◆ Task item ◆
Set down exactly the lines below, starting at the one that contains "AKTIVE Grande ombrellone" and ending at the one that contains "knitted bag red emoji", with both of those lines included and nothing else.

◆ Task data ◆
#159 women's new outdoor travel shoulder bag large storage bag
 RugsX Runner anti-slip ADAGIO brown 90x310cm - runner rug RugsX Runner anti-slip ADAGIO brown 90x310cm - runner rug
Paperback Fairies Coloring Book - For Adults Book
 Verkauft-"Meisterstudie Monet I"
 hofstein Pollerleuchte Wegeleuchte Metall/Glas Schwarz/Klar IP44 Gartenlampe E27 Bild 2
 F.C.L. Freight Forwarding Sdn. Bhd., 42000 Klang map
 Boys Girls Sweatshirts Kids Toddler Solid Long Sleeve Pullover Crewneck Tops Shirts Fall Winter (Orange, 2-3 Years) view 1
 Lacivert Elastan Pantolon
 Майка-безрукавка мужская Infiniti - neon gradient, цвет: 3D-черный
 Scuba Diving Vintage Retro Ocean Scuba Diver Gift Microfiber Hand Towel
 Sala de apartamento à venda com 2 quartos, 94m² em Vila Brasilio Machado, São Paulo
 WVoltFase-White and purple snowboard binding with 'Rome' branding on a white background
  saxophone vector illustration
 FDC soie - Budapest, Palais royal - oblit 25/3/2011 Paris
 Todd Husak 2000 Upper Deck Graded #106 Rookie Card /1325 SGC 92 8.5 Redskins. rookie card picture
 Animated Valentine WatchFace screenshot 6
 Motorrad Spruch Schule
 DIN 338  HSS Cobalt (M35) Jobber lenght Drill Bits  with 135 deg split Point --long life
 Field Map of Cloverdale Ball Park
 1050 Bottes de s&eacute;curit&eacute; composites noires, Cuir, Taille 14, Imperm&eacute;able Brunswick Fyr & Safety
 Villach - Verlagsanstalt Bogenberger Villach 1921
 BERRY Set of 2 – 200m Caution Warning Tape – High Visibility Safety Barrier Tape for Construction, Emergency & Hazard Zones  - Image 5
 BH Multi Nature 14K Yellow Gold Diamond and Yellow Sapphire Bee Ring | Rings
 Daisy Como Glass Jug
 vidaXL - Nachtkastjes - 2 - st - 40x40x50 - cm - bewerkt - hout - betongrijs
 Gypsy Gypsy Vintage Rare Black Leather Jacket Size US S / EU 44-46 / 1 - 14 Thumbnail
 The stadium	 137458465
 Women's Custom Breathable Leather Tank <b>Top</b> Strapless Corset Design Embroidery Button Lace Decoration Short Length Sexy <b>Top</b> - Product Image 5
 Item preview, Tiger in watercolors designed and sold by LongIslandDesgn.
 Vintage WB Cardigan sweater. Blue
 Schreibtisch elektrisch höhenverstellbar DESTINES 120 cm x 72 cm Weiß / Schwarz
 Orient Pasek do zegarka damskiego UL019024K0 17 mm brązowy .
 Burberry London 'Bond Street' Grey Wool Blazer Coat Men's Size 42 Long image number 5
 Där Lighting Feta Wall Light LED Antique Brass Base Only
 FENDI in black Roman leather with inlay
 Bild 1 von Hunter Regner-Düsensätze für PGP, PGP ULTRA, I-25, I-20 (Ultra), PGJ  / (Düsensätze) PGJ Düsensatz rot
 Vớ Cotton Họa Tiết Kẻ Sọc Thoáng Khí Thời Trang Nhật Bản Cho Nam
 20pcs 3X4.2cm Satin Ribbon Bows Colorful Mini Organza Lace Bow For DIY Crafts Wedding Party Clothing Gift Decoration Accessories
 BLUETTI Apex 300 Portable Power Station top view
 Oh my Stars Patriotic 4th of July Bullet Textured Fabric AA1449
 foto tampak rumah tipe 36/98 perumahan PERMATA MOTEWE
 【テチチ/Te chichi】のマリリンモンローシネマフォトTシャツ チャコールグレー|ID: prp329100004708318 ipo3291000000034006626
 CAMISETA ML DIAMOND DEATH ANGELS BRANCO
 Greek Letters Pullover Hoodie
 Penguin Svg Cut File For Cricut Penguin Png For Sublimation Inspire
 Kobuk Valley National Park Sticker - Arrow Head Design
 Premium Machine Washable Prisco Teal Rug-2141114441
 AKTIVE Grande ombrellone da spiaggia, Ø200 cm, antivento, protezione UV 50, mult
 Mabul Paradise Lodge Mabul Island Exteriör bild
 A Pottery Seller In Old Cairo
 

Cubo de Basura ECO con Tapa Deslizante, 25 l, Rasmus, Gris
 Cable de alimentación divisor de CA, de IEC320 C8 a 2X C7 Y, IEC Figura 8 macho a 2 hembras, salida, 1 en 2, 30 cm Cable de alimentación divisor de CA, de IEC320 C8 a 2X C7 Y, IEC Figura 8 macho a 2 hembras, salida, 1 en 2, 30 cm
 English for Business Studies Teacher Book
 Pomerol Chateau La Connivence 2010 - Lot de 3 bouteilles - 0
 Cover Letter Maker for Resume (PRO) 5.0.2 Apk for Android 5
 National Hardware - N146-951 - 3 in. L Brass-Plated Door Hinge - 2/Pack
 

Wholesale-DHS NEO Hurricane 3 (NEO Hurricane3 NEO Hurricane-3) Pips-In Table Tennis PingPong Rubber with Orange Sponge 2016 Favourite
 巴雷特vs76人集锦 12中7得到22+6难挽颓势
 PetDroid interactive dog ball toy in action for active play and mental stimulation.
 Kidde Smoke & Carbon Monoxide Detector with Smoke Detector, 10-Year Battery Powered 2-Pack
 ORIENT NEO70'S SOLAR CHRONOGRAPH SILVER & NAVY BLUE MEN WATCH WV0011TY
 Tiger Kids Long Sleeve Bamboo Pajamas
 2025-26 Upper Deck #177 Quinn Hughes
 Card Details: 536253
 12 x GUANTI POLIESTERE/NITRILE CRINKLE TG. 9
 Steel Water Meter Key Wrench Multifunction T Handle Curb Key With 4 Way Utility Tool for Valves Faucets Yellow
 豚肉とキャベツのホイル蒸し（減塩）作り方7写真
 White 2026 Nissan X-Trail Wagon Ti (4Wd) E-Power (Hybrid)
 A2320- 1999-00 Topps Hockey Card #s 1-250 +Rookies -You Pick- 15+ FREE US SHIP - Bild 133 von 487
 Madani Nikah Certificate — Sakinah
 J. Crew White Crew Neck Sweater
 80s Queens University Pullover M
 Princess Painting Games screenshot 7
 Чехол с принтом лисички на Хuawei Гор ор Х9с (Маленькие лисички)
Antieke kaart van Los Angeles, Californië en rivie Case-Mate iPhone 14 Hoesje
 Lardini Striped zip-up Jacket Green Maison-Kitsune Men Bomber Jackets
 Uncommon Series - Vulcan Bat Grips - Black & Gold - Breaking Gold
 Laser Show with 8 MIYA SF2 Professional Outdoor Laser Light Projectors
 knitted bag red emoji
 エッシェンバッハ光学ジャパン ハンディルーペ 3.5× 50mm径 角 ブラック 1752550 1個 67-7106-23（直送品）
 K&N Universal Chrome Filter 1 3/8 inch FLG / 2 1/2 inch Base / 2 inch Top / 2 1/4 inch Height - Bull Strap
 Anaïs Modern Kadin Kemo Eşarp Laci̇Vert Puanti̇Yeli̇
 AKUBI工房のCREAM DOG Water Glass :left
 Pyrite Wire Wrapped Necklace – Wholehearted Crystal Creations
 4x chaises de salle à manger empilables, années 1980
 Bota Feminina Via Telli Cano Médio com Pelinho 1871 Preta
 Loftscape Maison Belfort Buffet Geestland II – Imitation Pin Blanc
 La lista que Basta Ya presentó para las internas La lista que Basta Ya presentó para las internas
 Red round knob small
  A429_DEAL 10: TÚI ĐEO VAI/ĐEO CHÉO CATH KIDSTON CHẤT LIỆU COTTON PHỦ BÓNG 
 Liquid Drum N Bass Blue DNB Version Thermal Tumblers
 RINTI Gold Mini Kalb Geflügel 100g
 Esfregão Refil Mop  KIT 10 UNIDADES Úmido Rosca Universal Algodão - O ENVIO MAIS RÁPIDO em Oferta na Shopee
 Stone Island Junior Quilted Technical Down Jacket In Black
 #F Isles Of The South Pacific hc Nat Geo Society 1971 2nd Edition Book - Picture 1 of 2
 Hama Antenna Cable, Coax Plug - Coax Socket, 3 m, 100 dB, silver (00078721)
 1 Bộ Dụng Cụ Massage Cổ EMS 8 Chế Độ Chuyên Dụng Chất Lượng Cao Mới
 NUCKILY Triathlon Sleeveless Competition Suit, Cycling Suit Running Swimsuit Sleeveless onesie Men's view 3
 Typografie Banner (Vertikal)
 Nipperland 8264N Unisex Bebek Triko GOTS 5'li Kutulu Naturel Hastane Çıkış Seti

◆ Answer for this exercise ◆
 AKTIVE Grande ombrellone da spiaggia, Ø200 cm, antivento, protezione UV 50, mult
 Mabul Paradise Lodge Mabul Island Exteriör bild
 A Pottery Seller In Old Cairo
 

Cubo de Basura ECO con Tapa Deslizante, 25 l, Rasmus, Gris
 Cable de alimentación divisor de CA, de IEC320 C8 a 2X C7 Y, IEC Figura 8 macho a 2 hembras, salida, 1 en 2, 30 cm Cable de alimentación divisor de CA, de IEC320 C8 a 2X C7 Y, IEC Figura 8 macho a 2 hembras, salida, 1 en 2, 30 cm
 English for Business Studies Teacher Book
 Pomerol Chateau La Connivence 2010 - Lot de 3 bouteilles - 0
 Cover Letter Maker for Resume (PRO) 5.0.2 Apk for Android 5
 National Hardware - N146-951 - 3 in. L Brass-Plated Door Hinge - 2/Pack
 

Wholesale-DHS NEO Hurricane 3 (NEO Hurricane3 NEO Hurricane-3) Pips-In Table Tennis PingPong Rubber with Orange Sponge 2016 Favourite
 巴雷特vs76人集锦 12中7得到22+6难挽颓势
 PetDroid interactive dog ball toy in action for active play and mental stimulation.
 Kidde Smoke & Carbon Monoxide Detector with Smoke Detector, 10-Year Battery Powered 2-Pack
 ORIENT NEO70'S SOLAR CHRONOGRAPH SILVER & NAVY BLUE MEN WATCH WV0011TY
 Tiger Kids Long Sleeve Bamboo Pajamas
 2025-26 Upper Deck #177 Quinn Hughes
 Card Details: 536253
 12 x GUANTI POLIESTERE/NITRILE CRINKLE TG. 9
 Steel Water Meter Key Wrench Multifunction T Handle Curb Key With 4 Way Utility Tool for Valves Faucets Yellow
 豚肉とキャベツのホイル蒸し（減塩）作り方7写真
 White 2026 Nissan X-Trail Wagon Ti (4Wd) E-Power (Hybrid)
 A2320- 1999-00 Topps Hockey Card #s 1-250 +Rookies -You Pick- 15+ FREE US SHIP - Bild 133 von 487
 Madani Nikah Certificate — Sakinah
 J. Crew White Crew Neck Sweater
 80s Queens University Pullover M
 Princess Painting Games screenshot 7
 Чехол с принтом лисички на Хuawei Гор ор Х9с (Маленькие лисички)
Antieke kaart van Los Angeles, Californië en rivie Case-Mate iPhone 14 Hoesje
 Lardini Striped zip-up Jacket Green Maison-Kitsune Men Bomber Jackets
 Uncommon Series - Vulcan Bat Grips - Black & Gold - Breaking Gold
 Laser Show with 8 MIYA SF2 Professional Outdoor Laser Light Projectors
 knitted bag red emoji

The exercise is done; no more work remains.